This is because overloading the method won’t change the behavior in places like collections or other places that the equals(Object) method is explicitly used. For example, take the following code:
public class MyClass {
public boolean equals(MyClass m) {
return true;
}
}
If you put this in something like a HashSet:
public static void main(String[] args) {
Set<MyClass> myClasses = new HashSet<>();
myClasses.add(new MyClass());
myClasses.add(new MyClass());
System.out.println(myClasses.size());
}
This will print 2, not 1, even though you’d expect all MyClass instances to be equal from your overload and the set wouldn’t add the second instance.
So basically, even though this is true:
MyClass myClass = new MyClass();
new MyClass().equals(myClass);
This is false:
Object o = new MyClass();
new MyClass().equals(o);
And the latter is the version that collections and other classes use to determine equality.
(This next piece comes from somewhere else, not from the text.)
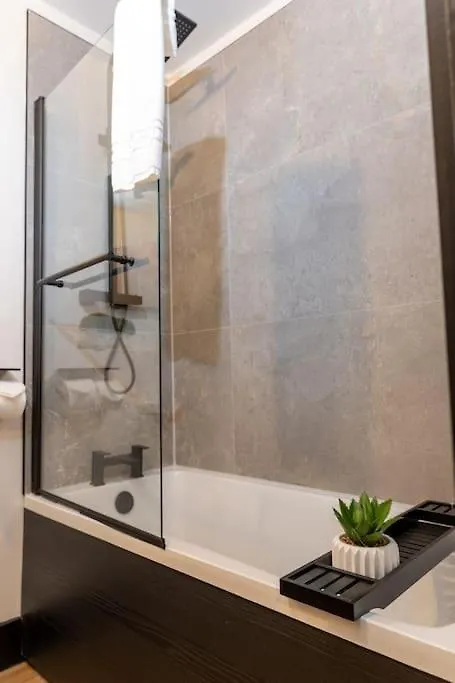 The Berriman Collection Stylish 2 Bedroom Apartment Cardiff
In fact, the only place this will return true is where the parameter is explicitly an instance of MyClass or one of its subtypes.
Edit: per your question:
Overriding versus Overloading
Let’s start with the difference between overriding and overloading. With overriding, you actually redefine the method. You remove its original implementation and actually replace it with your own. So when you do:
@Override
public boolean equals(Object o) { ... }
You’re actually re-linking your new equals implementation to replace the one from Object (or whatever superclass that last defined it).
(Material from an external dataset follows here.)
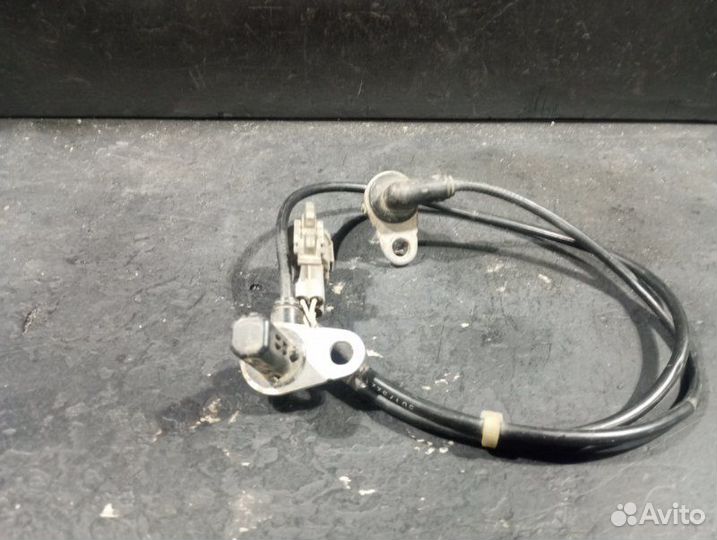 Датчик ABS задний Infiniti Fx35 S50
On the other hand, when you do:
public boolean equals(MyClass m) { ... }
You’re defining an entirely new method because you’re defining a method with the same name, but different parameters. When HashSet calls equals, it calls it on a variable of the type Object:
Object k;
if (e.hash == hash && ((k = e.key) == key || key.equals(k))) {
(That code is from the source code of HashMap.put, which is used as the underlying implementation for HashSet.add.)
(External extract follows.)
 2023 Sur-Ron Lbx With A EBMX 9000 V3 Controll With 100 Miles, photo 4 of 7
To be clear, the only time it will use a different equals is when an equals method is overridden, not overloaded. If you try to add @Override to your overloaded equals method, it will fail with a compiler error, complaining that it doesn’t override a method. I can even declare both equals methods in the same class, because it’s overloading:
public class MyClass {
@Override
public boolean equals(Object o) {
return false;
}
public boolean equals(MyClass m) {
return true;
}
}
Generics
As for generics, equals is not generic. It explicitly takes Object as its type, so that point is moot. Now, let’s say you tried to do this:
public class MyGenericClass<T> {
public boolean equals(T t) {
return false;
}
}
This won’t compile with the message:
Name clash: The method equals(T) of type MyGenericClass has the same erasure as equals(Object) of type Object but does not override it
And if you try to @Override it:
public class MyGenericClass<T> {
@Override
public boolean equals(T t) {
return false;
}
}
You’ll get this instead:
The method equals(T) of type MyGenericClass must override or implement a supertype method
So you can’t win. What’s happening here is that Java implements generics using erasure. When Java finishes checking all the generic types on compile time, the actual runtime objects all get replaced with Object. Everywhere you see T, the actual bytecode contains Object instead. This is why reflection doesn’t work well with generic classes and why you can’t do things like list instanceof List<String>.
This also makes it so that you can’t overload with generic types. If you have this class:
public class Example<T> {
public void add(Object o) { ... }
public void add(T t) { ... }
}
You’ll get compiler errors from the add(T) method because when the classes are actually done compiling, the methods would both have the same signature, public void add(Object).